1815-1914

The British Empire

The Ashanti War of 1873/4

A test of British imperialism

The first of a number of colonial wars fought in the last quarter of the c19th was one fought in west Africa with the Ashanti people who lived in what is now Ghana. This war was very much a test of the British view of Imperialism. For many it was a clash between British Christianity and an Africa that was full of pagan illiterate peoples with childish customs and debased art.


The Ashanti had an advanced culture

The Ashanti though were people with an advanced culture.
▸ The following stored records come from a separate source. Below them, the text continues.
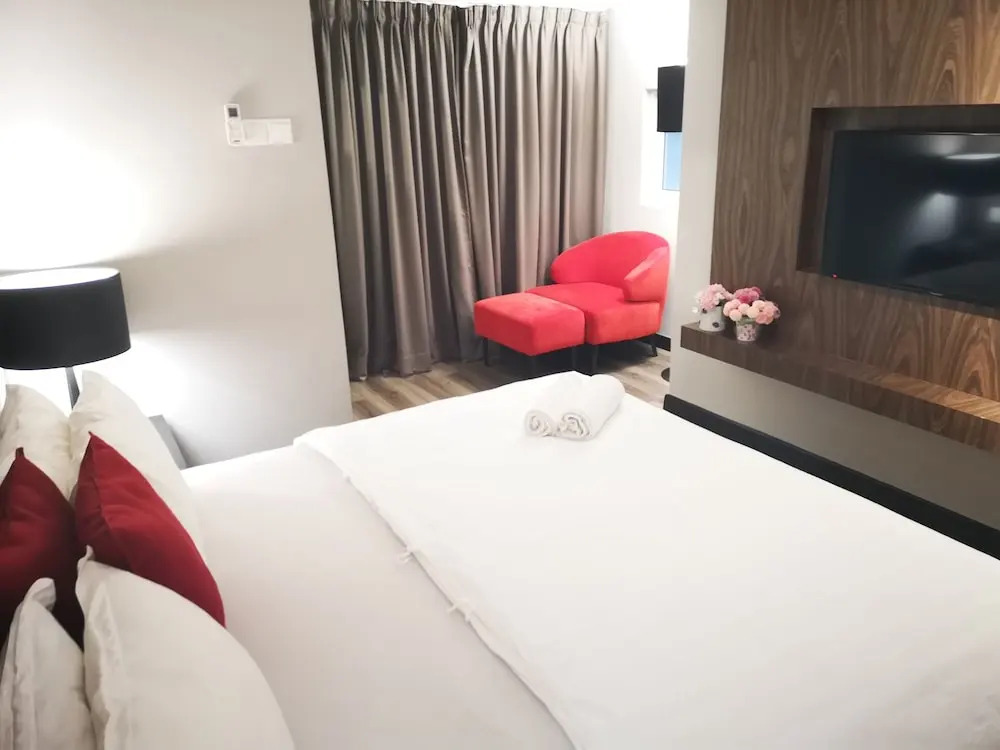 Summertime Maritime Suites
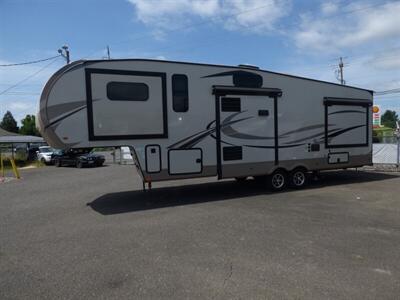 2018 FOREST RIVER ROCKWOOD SIGNATURE 8297S   - Photo 3 - Vancouver, WA 98682-4901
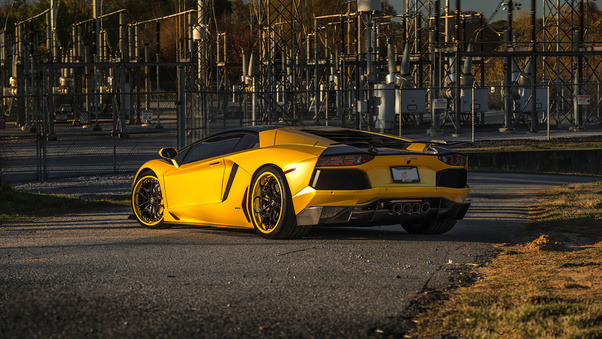 2020 Orange Lamborghini Aventador Sv Rear View Wallpaper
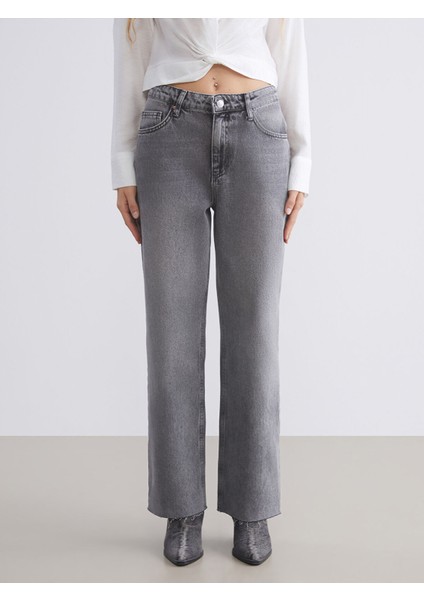 Yeni Sezon Straight Fit Kadın Jean Pantolon fiyatları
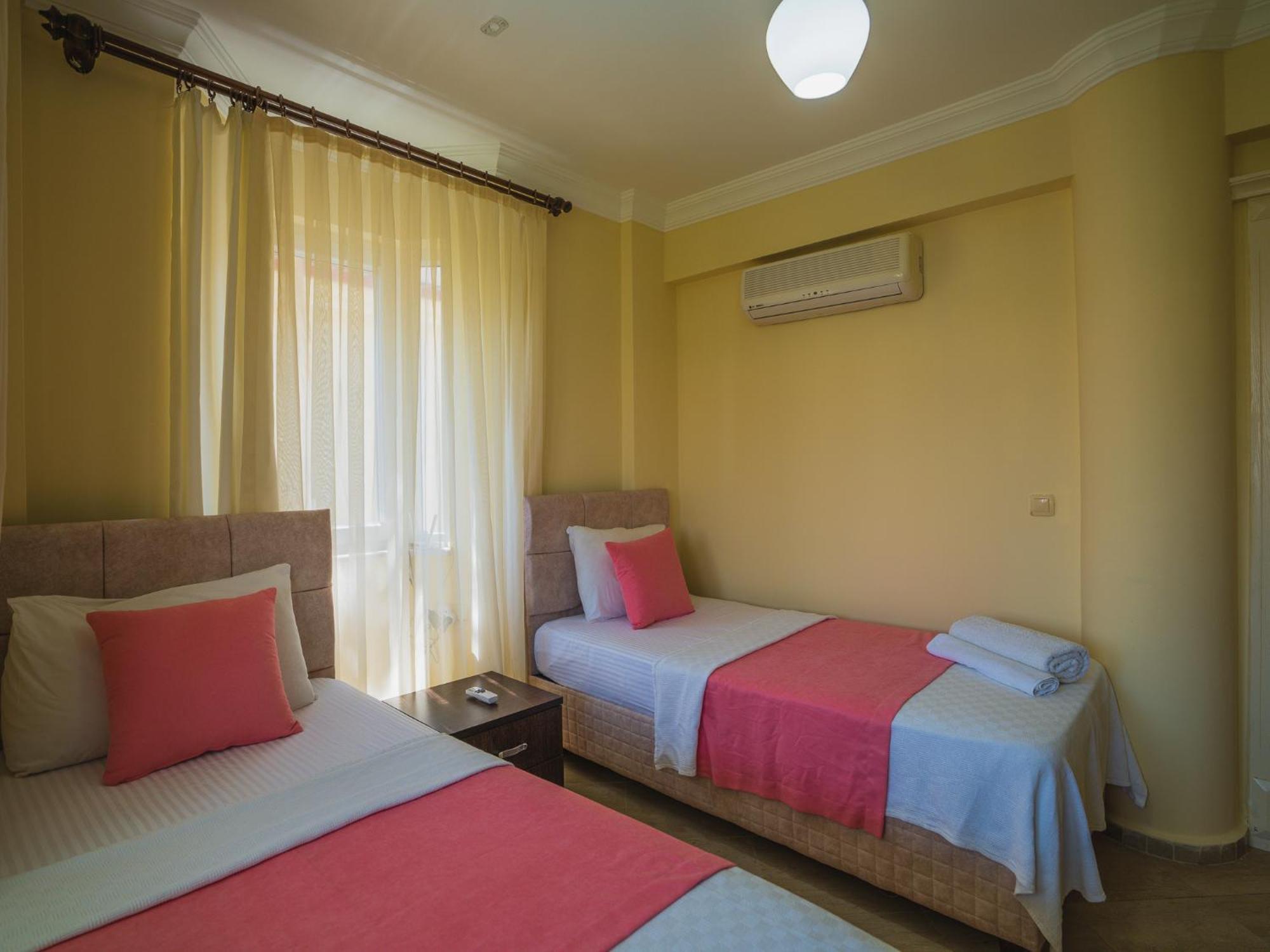 פאטהיה Sunset Beach Club Aqua Lettings מראה חיצוני תמונה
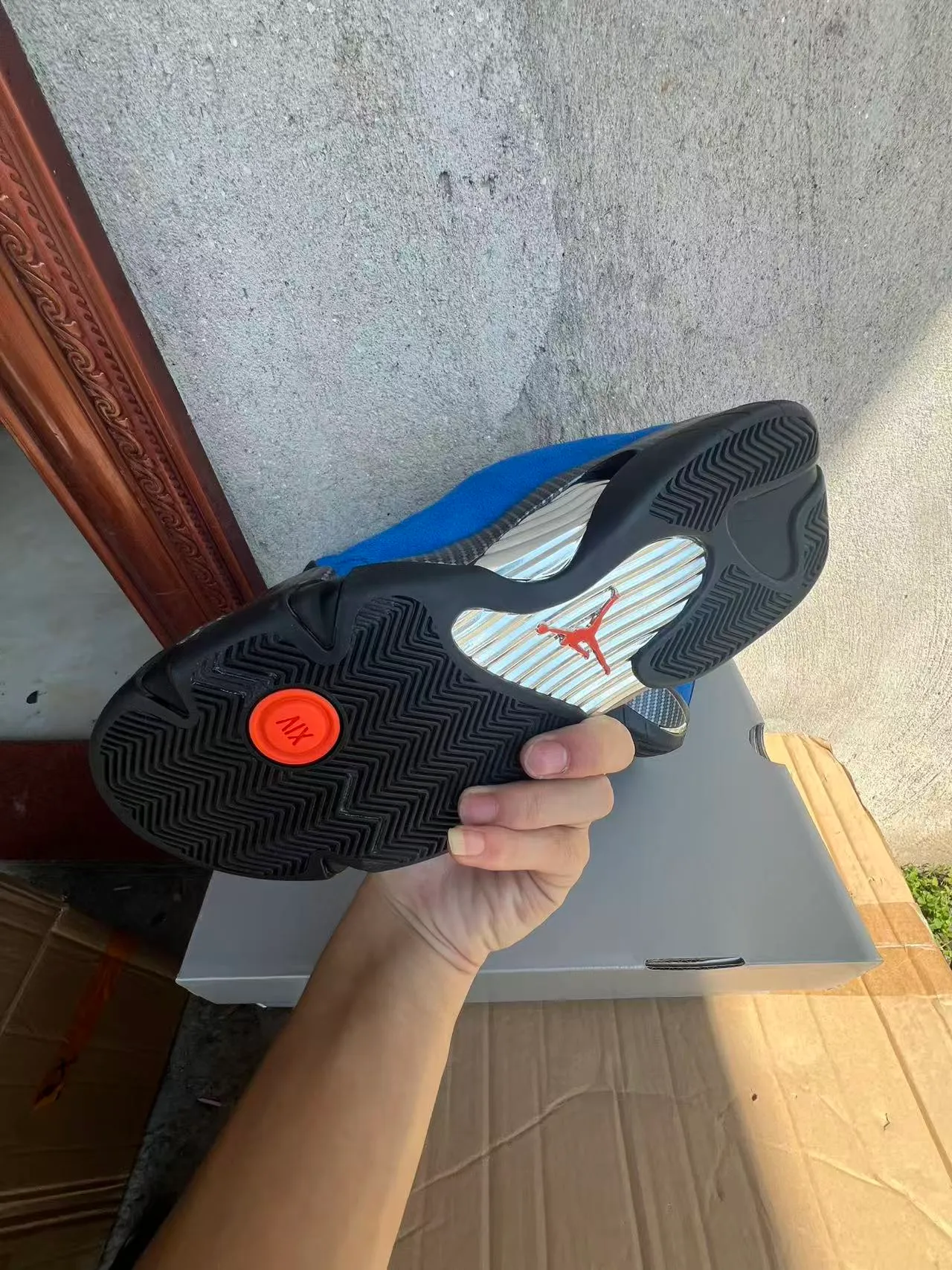 Blue and Black Laceless Split-Toe Carbon-Fiber Midsole Sneaker 6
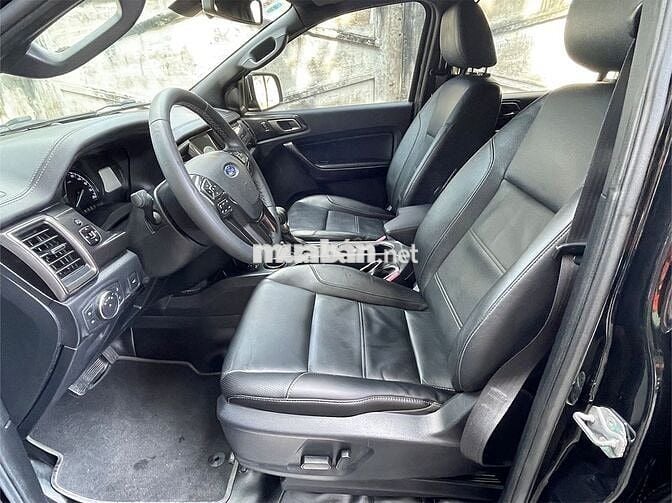 Ford Everest 2019 2.0 AT Titanium 70000 km Đen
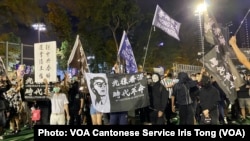 参与六四31周年维园烛光集会的年轻人，挥舞反送中运动及香港独立的旗帜 （美国之音/汤惠芸）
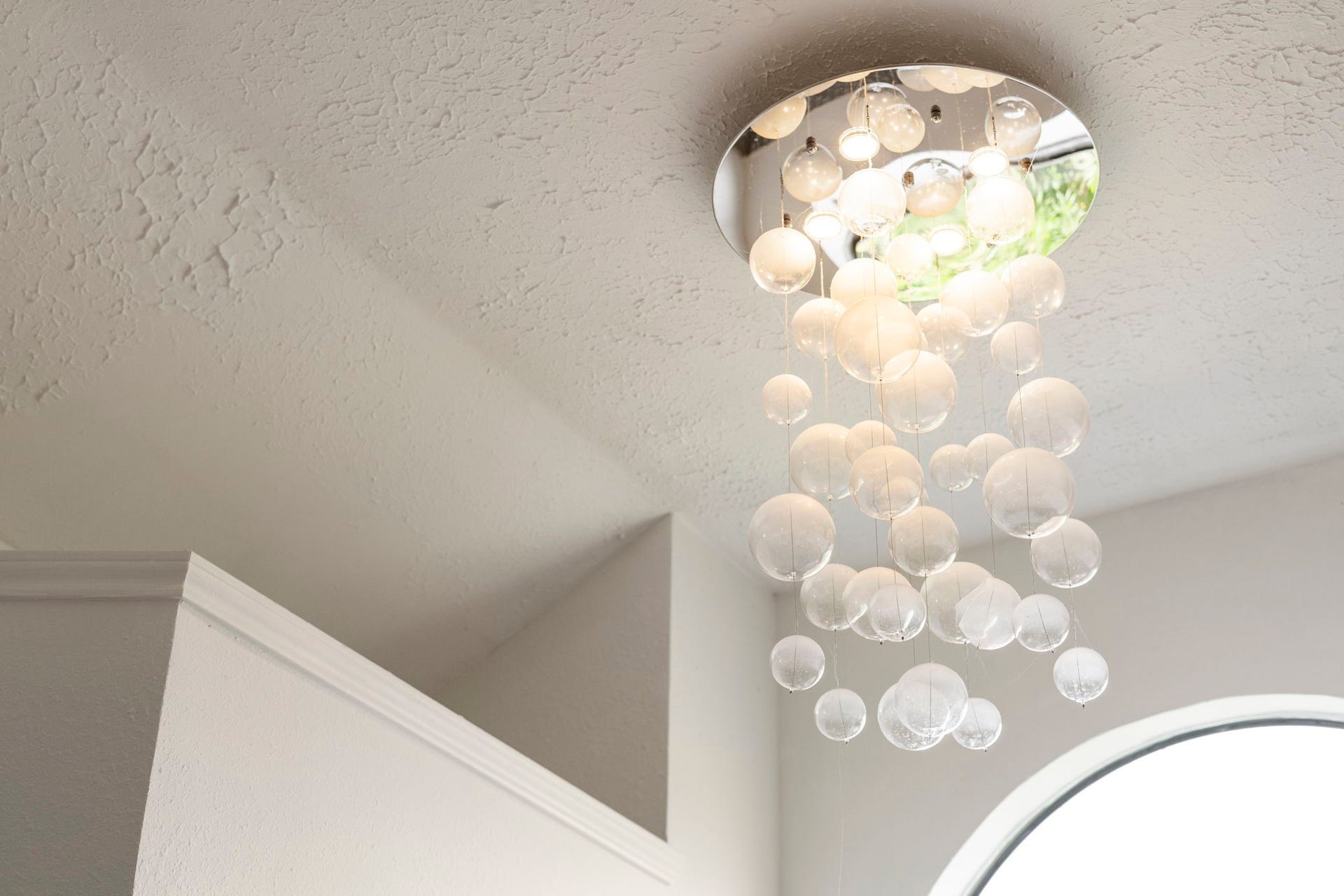 2437 Willow Bend Drive, Richmond, TX 77406 Primary bathroom light fixture withcascading glass orbs adds a touch of modern sophistication to the room.
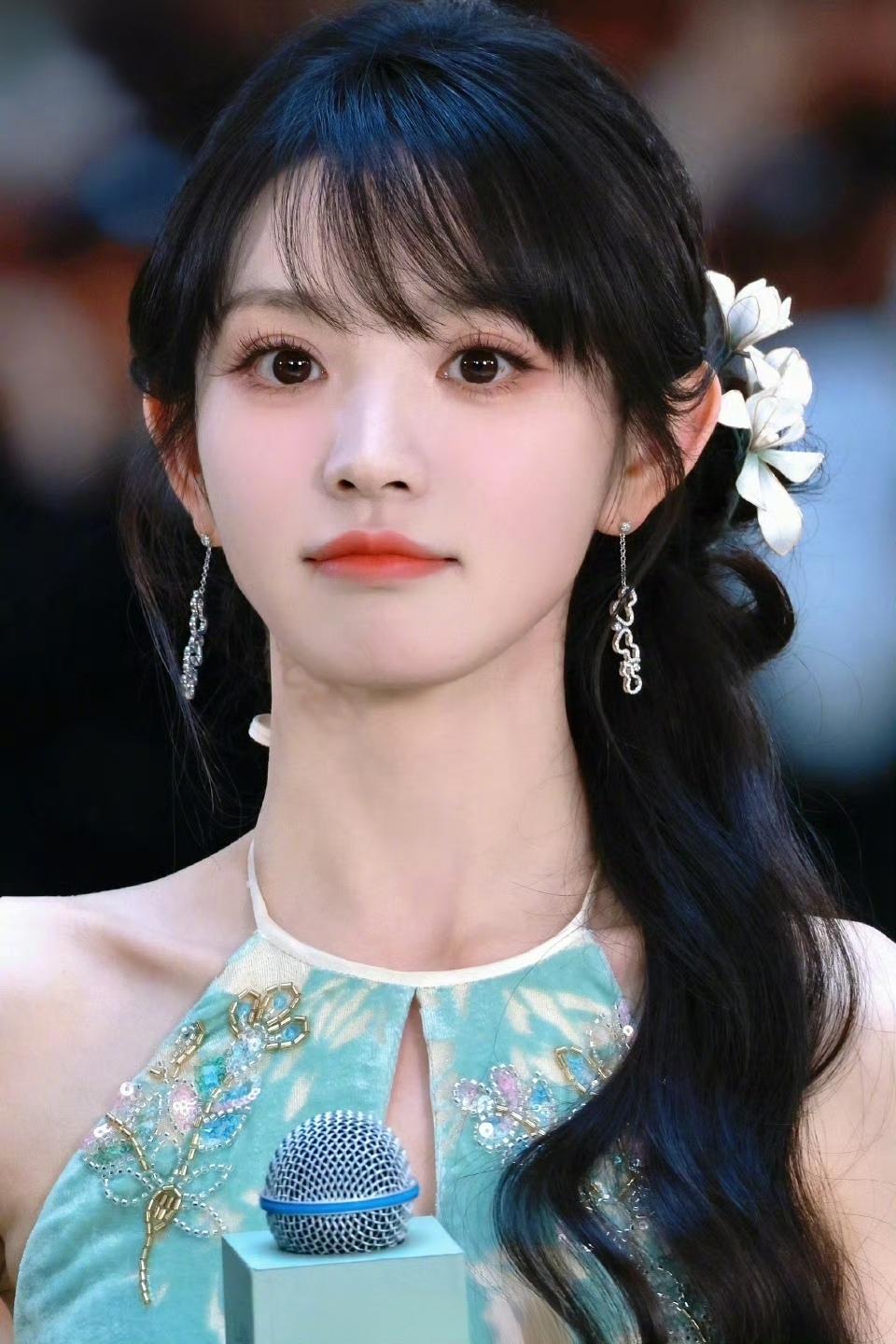 田曦薇 ，身穿天青色花苞裙，精致刺绣与印花交叠，裙身如青花瓷瓶绽放，清新雅致，完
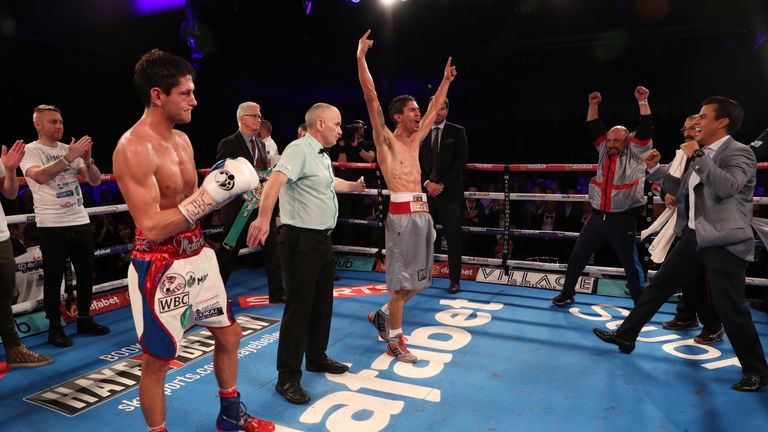 Gavin McDonnell, Rey Vargas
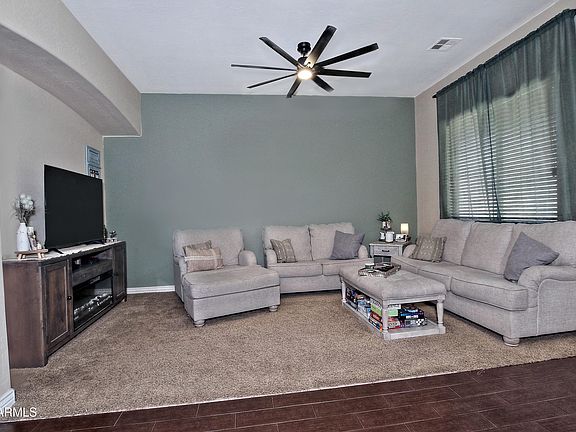 5th image of 839 W SAGUARO Lane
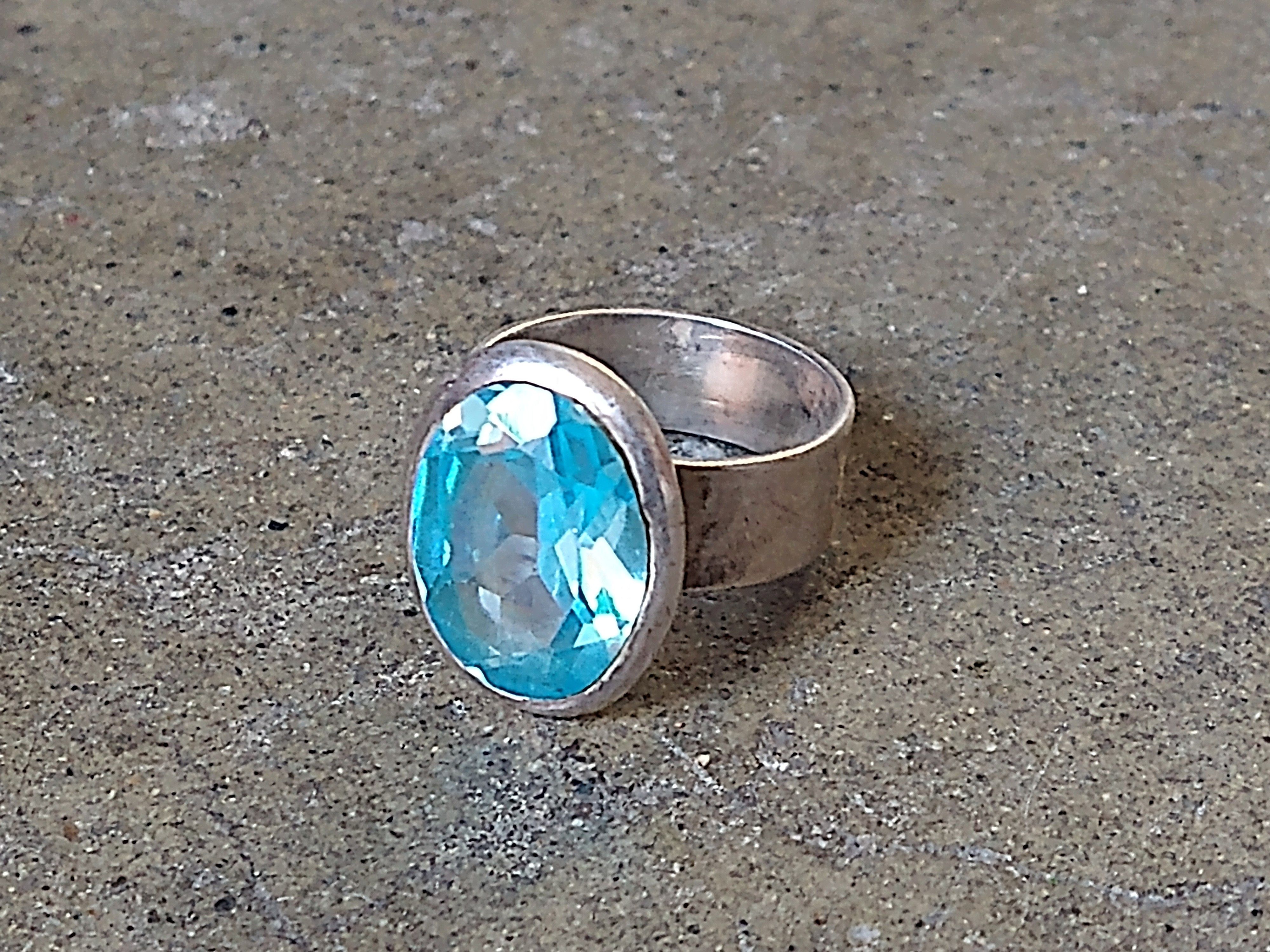 Jewelry Vintage Sterling Silver Ring Size 7.5 Blue Topaz Oval Size ONE SIZE - 2 Thumbnail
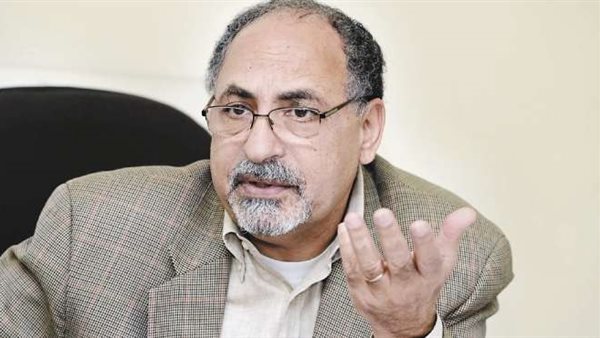 الدكتور مصطفى كامل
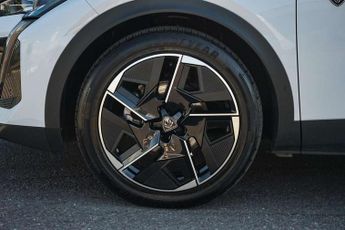 Peugeot 408 1.2 Hybrid 136 GT 5dr e-DSC6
They were excellent  craftsmen in gold, silver and wood and had a capital city, Kumasi that was full of well designed  buildings in streets that were clean with avenues of trees and with houses that had toilets, boiling  water and with regular disposal of rubbish.

 The Ashanti though did practice human  sacrifice with hundreds slaughtered to provide a retinue for the King. To the British the Ashanti appeared murderous and backward and when they began to make raids on the coastal tribes where British trading forts were based, the British government decided to act. The Ashanti practised slavery at a time when the British wee determined to destroy the slave trade particularly along the west Africa coast. The Ashanti also controlled the trade routes from the  western Africa to the Gold Coast. Attempts to defeat the tribe in the 1820s and 1860s had failed leading to General Wolseley being chosen as the man to rid the area of slavery and practices regarded as pagan in Britain.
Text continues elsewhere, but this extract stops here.